Post by amberwolf » May 11 2020 11:57am

If you can keep them cool enough, many motors can handle a lot more power than their size might indicate, at least for short runs. That's one way the sellers "justify" their ratings in the RC world, where battery size limits runtime severely.

But cooling the motor means forcing air over it, whcih means diverting air from smooth flow around the plane. :( If the motor is completely exposed directly to the airflow in the propwash, and the prop is high speed, it can work well enough. But that makes for worse gliding aero.

Ducting air into the motor housing (keeping aero more intact when not running it) using high speed fans or just fanblades on the motor shaft itself, and well-designed intakes and outlets in the housing, is probably a better option for a glider. Might even be possible to make cable-operated covers for the intakes/outlets to reduce their aero impact during gliding (though the prop itself is going to make more drag by far than they would, even if you can feather it flat).

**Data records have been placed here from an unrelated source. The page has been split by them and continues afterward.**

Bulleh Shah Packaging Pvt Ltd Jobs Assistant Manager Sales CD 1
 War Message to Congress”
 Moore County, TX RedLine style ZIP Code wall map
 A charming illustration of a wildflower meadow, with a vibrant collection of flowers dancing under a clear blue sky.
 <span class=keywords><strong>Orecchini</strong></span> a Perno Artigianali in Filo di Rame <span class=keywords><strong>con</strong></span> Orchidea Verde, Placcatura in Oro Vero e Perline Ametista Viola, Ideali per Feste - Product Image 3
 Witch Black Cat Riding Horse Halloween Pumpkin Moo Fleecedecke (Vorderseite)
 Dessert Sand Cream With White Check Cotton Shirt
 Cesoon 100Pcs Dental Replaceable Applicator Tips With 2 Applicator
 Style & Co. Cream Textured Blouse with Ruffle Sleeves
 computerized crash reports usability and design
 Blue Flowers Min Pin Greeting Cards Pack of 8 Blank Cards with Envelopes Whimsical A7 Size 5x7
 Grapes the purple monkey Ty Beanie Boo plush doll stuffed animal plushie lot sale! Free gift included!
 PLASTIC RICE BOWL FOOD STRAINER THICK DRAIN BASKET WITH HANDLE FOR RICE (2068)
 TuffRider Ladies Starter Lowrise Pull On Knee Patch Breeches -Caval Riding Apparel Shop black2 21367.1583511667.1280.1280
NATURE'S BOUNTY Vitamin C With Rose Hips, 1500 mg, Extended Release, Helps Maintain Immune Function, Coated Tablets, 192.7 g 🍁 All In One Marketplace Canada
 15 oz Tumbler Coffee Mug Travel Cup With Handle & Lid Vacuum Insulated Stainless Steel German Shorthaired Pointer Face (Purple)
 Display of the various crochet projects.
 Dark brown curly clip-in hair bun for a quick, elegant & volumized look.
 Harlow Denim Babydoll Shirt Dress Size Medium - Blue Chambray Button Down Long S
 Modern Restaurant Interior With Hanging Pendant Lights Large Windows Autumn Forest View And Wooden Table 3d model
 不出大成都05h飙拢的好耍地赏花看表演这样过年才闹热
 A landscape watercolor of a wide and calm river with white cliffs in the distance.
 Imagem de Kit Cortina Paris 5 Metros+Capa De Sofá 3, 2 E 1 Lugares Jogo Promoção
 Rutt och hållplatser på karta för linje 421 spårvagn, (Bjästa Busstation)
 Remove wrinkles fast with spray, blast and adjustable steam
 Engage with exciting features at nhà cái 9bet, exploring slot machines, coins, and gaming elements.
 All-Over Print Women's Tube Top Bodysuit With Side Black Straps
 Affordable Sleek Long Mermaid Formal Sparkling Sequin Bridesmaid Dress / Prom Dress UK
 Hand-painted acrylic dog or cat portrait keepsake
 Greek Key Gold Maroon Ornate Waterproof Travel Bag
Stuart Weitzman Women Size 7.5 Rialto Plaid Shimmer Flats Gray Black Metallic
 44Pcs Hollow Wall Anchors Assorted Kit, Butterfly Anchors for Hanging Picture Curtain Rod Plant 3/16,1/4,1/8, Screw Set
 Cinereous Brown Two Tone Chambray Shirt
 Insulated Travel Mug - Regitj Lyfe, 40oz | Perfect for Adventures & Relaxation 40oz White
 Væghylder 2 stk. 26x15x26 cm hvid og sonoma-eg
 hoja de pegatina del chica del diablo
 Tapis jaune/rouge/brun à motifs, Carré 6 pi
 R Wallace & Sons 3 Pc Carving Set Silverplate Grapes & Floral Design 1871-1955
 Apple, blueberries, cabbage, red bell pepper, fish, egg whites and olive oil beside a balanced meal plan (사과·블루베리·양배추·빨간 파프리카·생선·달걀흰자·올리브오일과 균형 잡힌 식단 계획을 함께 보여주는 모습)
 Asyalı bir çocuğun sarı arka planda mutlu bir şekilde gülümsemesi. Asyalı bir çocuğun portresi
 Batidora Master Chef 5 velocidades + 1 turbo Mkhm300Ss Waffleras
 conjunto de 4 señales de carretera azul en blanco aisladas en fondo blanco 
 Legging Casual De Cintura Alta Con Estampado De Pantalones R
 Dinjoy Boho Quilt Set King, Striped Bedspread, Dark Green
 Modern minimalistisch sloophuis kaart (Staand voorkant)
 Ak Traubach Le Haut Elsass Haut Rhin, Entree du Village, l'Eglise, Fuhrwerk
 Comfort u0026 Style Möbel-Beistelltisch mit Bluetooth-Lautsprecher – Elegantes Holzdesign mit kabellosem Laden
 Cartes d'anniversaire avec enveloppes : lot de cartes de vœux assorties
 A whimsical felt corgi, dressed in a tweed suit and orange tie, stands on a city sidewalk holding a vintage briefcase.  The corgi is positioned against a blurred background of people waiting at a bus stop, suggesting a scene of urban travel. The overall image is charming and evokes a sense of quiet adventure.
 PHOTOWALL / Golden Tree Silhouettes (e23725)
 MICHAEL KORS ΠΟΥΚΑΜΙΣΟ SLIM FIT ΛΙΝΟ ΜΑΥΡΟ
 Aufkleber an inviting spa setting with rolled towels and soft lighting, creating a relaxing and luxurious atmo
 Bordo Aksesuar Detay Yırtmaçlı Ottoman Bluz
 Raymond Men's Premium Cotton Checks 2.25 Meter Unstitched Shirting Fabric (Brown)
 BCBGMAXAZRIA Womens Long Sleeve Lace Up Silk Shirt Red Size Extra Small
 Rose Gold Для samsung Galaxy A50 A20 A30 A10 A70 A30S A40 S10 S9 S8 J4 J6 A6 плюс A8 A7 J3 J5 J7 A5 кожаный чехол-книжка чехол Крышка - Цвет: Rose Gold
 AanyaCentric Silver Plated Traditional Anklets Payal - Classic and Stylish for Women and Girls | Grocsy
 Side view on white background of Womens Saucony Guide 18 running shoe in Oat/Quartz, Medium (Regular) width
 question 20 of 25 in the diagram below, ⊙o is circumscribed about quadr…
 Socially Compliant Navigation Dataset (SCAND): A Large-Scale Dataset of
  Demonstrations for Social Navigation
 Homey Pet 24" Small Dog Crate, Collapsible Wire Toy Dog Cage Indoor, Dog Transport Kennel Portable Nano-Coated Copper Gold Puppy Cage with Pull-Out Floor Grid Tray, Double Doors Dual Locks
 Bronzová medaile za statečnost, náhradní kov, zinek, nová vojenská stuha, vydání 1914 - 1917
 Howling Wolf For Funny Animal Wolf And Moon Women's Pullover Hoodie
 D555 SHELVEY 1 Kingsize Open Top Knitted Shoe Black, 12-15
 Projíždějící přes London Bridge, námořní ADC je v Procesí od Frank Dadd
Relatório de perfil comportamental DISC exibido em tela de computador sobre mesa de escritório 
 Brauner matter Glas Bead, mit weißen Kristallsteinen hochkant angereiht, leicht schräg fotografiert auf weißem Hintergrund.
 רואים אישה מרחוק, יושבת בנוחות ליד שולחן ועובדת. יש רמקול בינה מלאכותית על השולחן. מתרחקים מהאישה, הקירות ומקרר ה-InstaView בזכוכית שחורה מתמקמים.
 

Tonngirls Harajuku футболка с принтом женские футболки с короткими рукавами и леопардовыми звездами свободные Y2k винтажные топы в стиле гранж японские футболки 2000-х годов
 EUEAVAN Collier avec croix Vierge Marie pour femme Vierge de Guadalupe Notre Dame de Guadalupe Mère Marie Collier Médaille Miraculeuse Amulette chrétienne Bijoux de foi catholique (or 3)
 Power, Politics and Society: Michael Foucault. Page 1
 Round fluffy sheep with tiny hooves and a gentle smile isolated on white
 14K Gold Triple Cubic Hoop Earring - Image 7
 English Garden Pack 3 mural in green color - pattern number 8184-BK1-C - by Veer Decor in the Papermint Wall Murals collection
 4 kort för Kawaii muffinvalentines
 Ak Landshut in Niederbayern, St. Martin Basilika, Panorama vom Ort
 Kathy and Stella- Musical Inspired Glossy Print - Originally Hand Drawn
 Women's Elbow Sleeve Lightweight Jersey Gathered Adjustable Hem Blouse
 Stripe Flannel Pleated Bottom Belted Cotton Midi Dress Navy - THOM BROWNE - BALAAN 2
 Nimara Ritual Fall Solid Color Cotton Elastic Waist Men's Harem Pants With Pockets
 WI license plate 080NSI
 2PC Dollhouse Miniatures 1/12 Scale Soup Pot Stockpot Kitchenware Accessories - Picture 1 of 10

Another issue with motor ratings is that power output is RPM-dependent. So you'd probably want to see the dyno plot for the motor you want to use, to see if it can produce the power you need at the RPM you need, or if that is going to overload it.


There are places like Joby that make good motors with realistic ratings, according to those that use them; I *think* that was the kind Farfle used.
EDIT: no, looks like he was using a Zero motorcycle 75-series.
viewtopic.php?f=38&t=89043
but that gives you another option branch--used EV motors....



There are good controllers for the high current range...but you might also need a high ERPM range, depending on the specific motor you use, and whether you use a gearbox to gear down the motor speed for the prop, or directly drive the prop with it, and what kind of prop speeds you end up needing.

If the ERPM isn't too high, you may be able to use things like used EV controllers, with their brain replaced with something like a Lebowski brainboard, or something off the openinverter project, etc., depending on how far into the DIY realm you're willing to go. This projec helps show how that can be done, once it's finished:
viewtopic.php?f=30&t=105711




Another option is brushed motors. Not as efficient as brushless, so larger for the same power application, but there are some high-power motors and controllers out there relatively cheap in the used market. However, most of the big brushed motors are for ground-based applications in which size or weight is not a limitation.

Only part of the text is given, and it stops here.